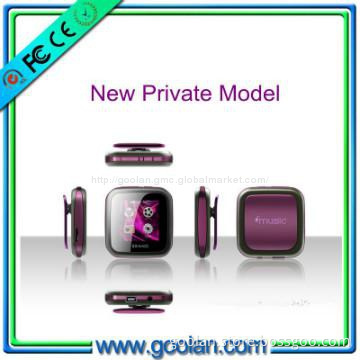 Private model 1.5inch touch screen mp4 digital player driver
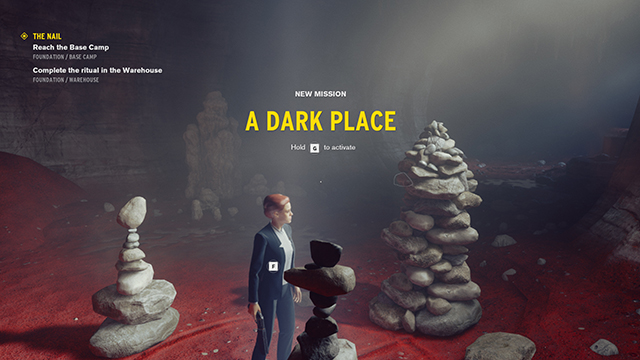 How to start the Control AWE DLC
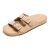 Beige Suede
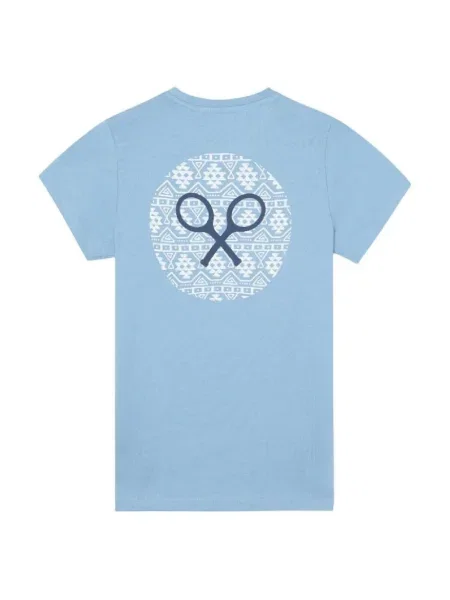 Tricou copii Silbon albastru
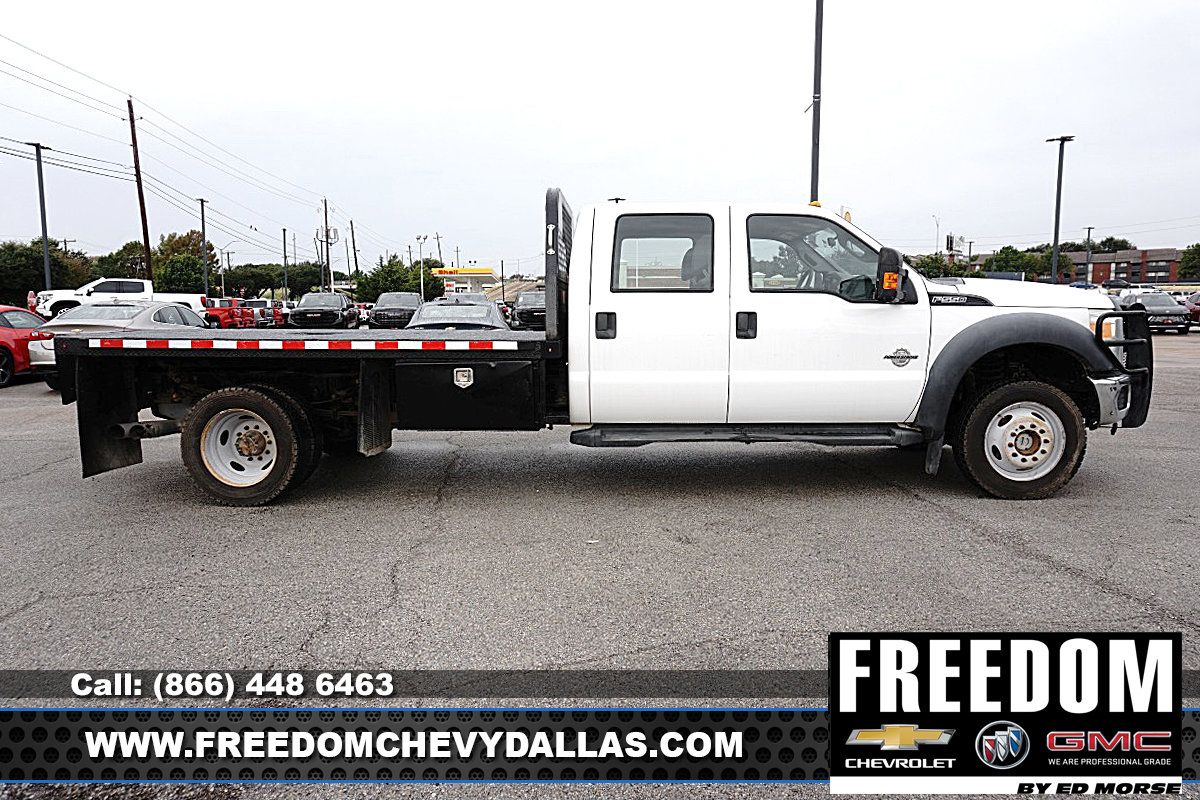 Used 2015 Ford F550 4x4 Crew Cab Super Duty image 33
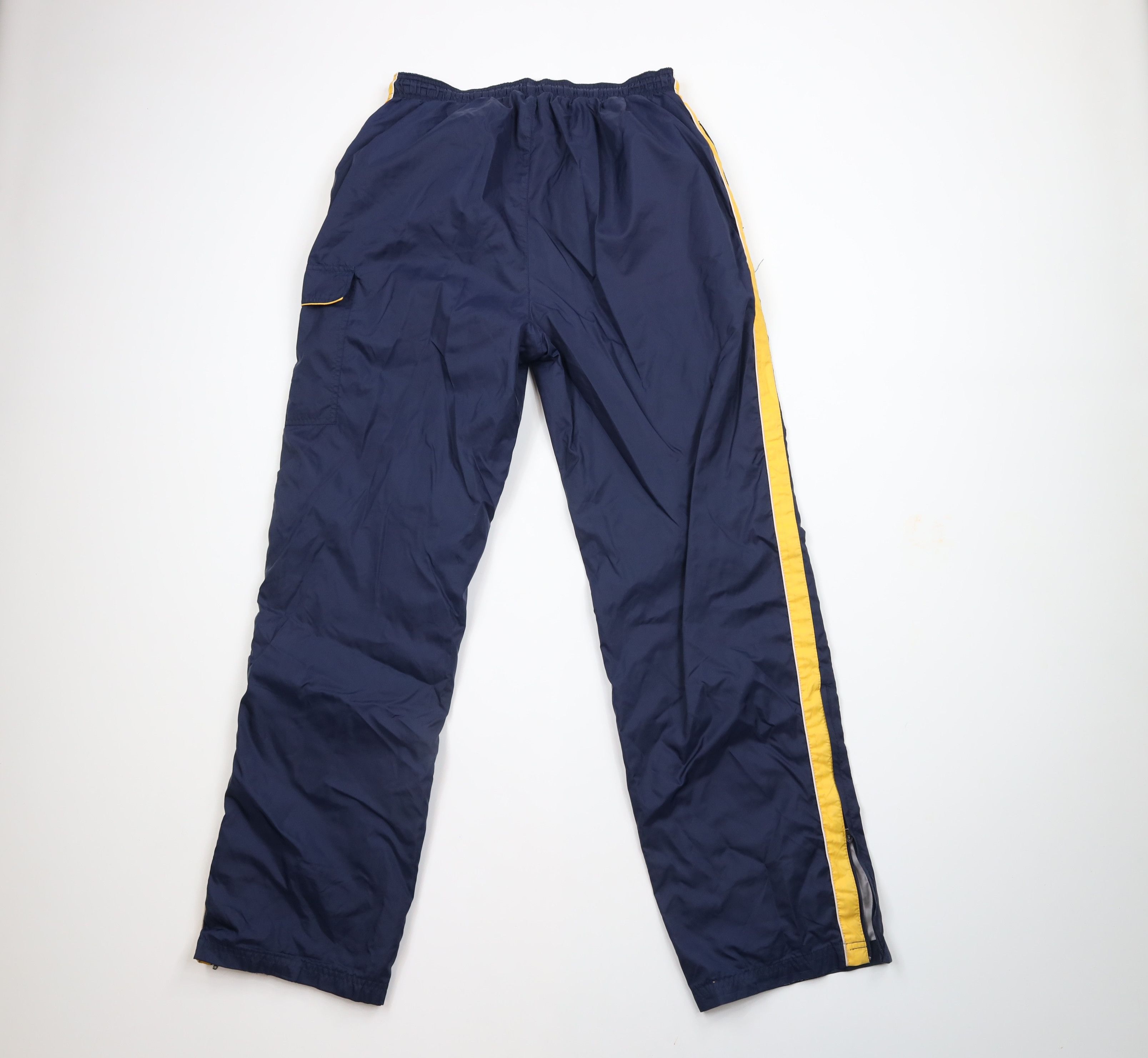 Vintage Vintage 90s Lined University of Michigan Wide Leg Pants Size US 34 / EU 50 - 16 Thumbnail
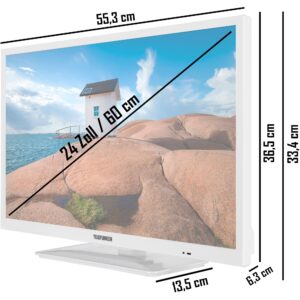 Telefunken XH24SN550MVD-W, LED-Fernseher technikbar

[What to work on]
Retype the lines exactly as they appear, beginning with the line that contains "Vintage Vintage 90s" and ending with the final line of the entries, and omit the pictures.

[Written reply]
 Vintage Vintage 90s Lined University of Michigan Wide Leg Pants Size US 34 / EU 50 - 16 Thumbnail
 Telefunken XH24SN550MVD-W, LED-Fernseher technikbar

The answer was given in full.